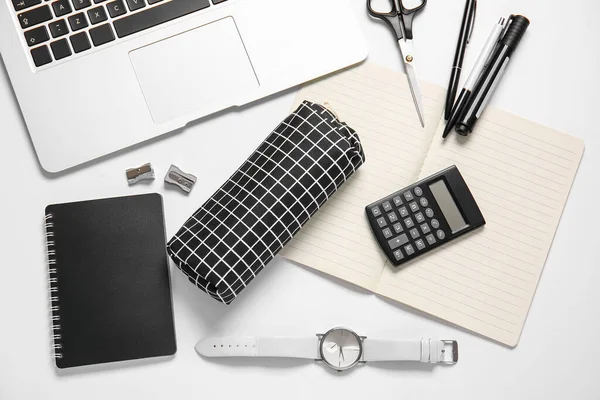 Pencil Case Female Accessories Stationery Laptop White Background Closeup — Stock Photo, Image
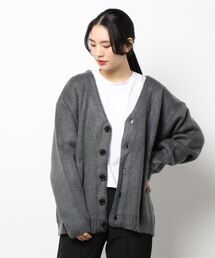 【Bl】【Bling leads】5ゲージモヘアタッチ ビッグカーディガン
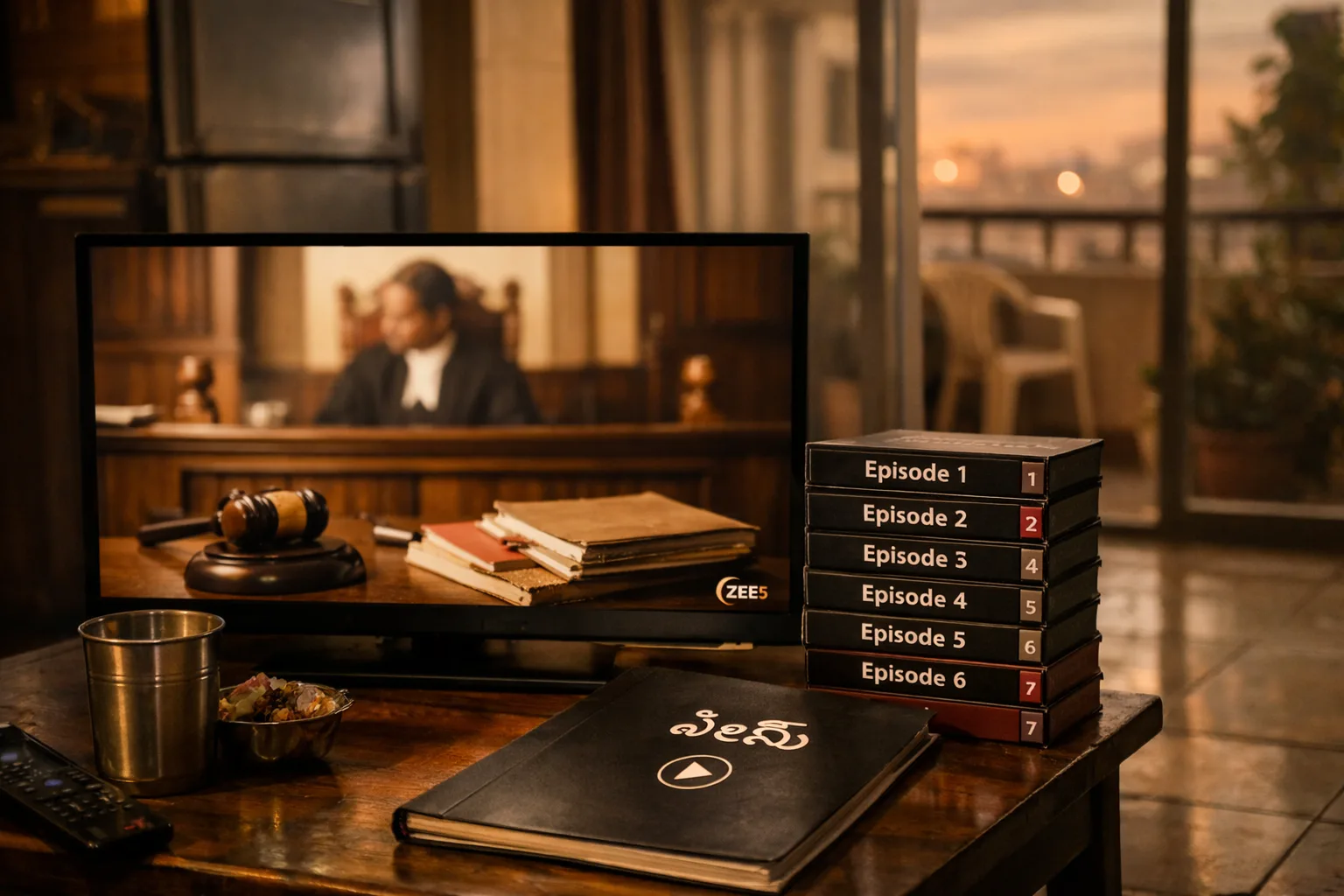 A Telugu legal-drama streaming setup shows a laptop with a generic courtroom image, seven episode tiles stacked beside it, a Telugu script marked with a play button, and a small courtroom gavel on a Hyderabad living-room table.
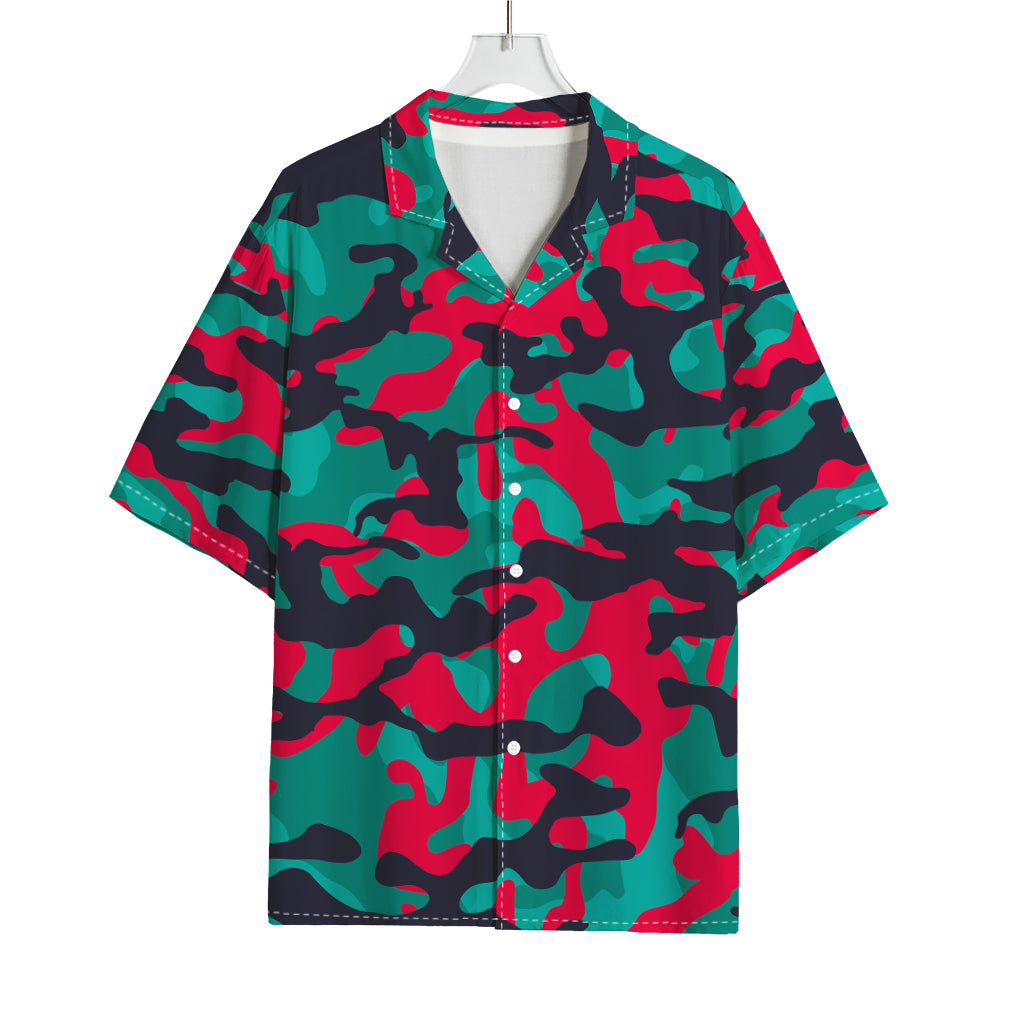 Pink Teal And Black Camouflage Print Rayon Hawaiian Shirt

Work instructions – Verbatim output, no pictures: the line holding "A Telugu legal-drama" and all lines after it through the last line of the material, with nothing else.

Exercise answer –
 A Telugu legal-drama streaming setup shows a laptop with a generic courtroom image, seven episode tiles stacked beside it, a Telugu script marked with a play button, and a small courtroom gavel on a Hyderabad living-room table.
 Pink Teal And Black Camouflage Print Rayon Hawaiian Shirt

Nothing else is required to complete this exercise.